(Work required) For the entries below, the expected answer is the line with "GeckoDesign|伸縮面紙盒(奢華金)", the line with "Katoenen T-shirt Diesel , Blue , Heren", and every line between them, exactly as written, and nothing more.

(Task data)
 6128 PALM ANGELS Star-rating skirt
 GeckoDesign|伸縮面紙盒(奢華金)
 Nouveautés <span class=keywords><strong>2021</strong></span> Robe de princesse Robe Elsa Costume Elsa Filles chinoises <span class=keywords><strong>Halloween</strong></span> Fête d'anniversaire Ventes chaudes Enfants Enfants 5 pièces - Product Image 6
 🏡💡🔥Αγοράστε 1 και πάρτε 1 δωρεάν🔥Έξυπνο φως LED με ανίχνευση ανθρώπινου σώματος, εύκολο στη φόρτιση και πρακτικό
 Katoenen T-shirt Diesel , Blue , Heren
* * *
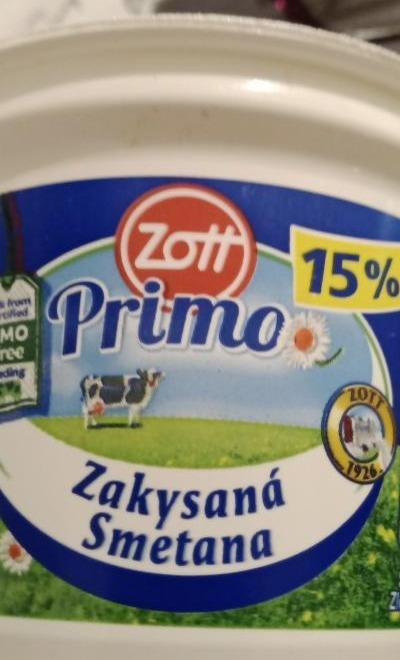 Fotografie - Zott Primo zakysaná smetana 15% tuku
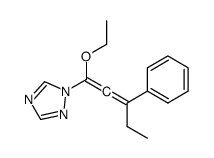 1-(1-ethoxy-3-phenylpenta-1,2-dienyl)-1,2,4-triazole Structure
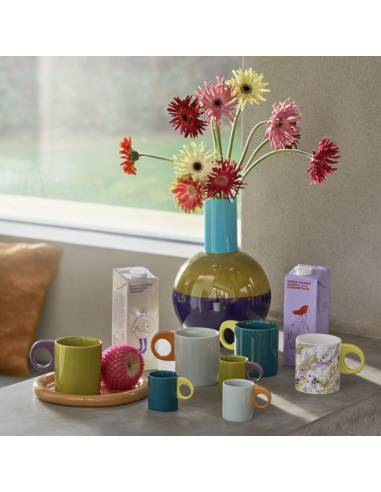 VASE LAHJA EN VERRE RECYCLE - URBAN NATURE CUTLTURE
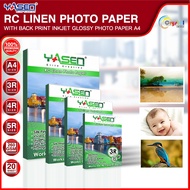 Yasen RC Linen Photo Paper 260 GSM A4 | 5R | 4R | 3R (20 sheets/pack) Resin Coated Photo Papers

(Task response)
 GeckoDesign|伸縮面紙盒(奢華金)
 Nouveautés <span class=keywords><strong>2021</strong></span> Robe de princesse Robe Elsa Costume Elsa Filles chinoises <span class=keywords><strong>Halloween</strong></span> Fête d'anniversaire Ventes chaudes Enfants Enfants 5 pièces - Product Image 6
 🏡💡🔥Αγοράστε 1 και πάρτε 1 δωρεάν🔥Έξυπνο φως LED με ανίχνευση ανθρώπινου σώματος, εύκολο στη φόρτιση και πρακτικό
 Katoenen T-shirt Diesel , Blue , Heren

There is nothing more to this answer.